Germany's surplus is on the wane; Middle East & North Africa growth accelerates; World's longest commercial flight starts operations

1 Germany’s surplus is on the wane (Gulf News) The Trump administration appears intent on escalating the long-standing US practice of attacking Germany’s current-account surplus. Good news for those on the receiving end: It has probably peaked.

As officials like National Trade Council director Peter Navarro rail against the trade imbalance that dominates the balance of payments between the two countries, pensioners, homebuyers and immigrants are quietly working to bring that $297 billion current-account surplus down.

According to research by Deutsche Bank, demographics and a housing boom are two factors that will drive the current account balance — the difference between what a country earns from abroad and what it spends — to its lowest level in seven years by 2020.

A rising share of pensioners in the German population, who normally have less money to save than people in jobs, will crimp household savings rates, while an increasing number of immigrants such as refugees will contribute to boosting German imports.

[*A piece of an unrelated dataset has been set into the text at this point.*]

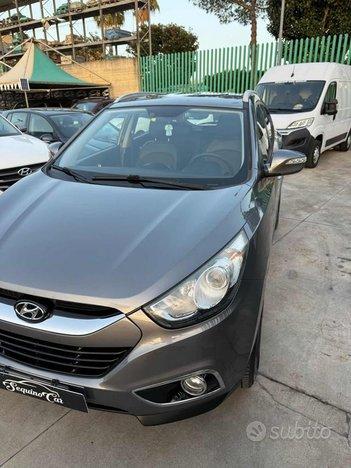 HYUNDAI iX35 1.7 CRDi 2WD Style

2 Middle East & North Africa growth accelerates (Muzaffar Rizvi in Khaleej Times) Economic activity in the Middle East and North Africa showed surprising resilience in 2016 despite mounting political and economic headwinds in the region, says a report.

According to the latest Focus Economics Consensus forecast, the region's aggregate gross domestic product expanded 2.7 per cent in 2016, up from 2015's 2.6 per cent due to diverging economic trends within the Mena.

Another positive note for 2016 was Iraq's economic rebound following 2015's dismal performance. Accommodative monetary policies and improving external positions due to low oil prices prompted growth in most of the region's net oil importers to accelerate this year.

The report noted that GCC countries felt the brunt of the pain in 2016. The low oil price environment since mid-2015 forced GCC countries to implement harsh austerity measures in order to rein in their soaring budget deficits.

About the region's biggest economy Saudi Arabia, the report said kingdom is expected to perform below par, with an expansion rate of less than one per cent. On the rest of the major economies in the region, Egypt and Qatar will likely grow the fastest, with projected expansions of 3.4 per cent.

3 World’s longest commercial flight starts operations (The Guardian) The world’s longest commercial flight landed in New Zealand on Monday with the arrival of Qatar Airways’s 14,535km (9,032-mile) Doha-Auckland service.

The long-range Boeing 777-200LR crossed 10 time zones on its marathon flight. Qatar Airways noted the flight was longer than the entire “Lord of the Rings” and “The Hobbit” trilogies which were filmed in New Zealand.

There were four pilots on board as well as 15 cabin crew who served 1,100 cups of tea and coffee, 2,000 cold drinks and 1,036 meals during the flight. New Zealand Trade Minister Todd McClay said the estimated economic impact of the new service “will be well in excess” of $36m with the increased freight capacity provided.

In March last year, Emirates airline launched what was then thought to be the world’s longest non-stop scheduled commercial flight, with a service from Dubai to Auckland, spanning 14,200kms (8,824 miles). Air India’s Delhi-San Francisco flight claims the world’s longest by flying distance but when measured on the surface of the earth Doha and Auckland are further apart.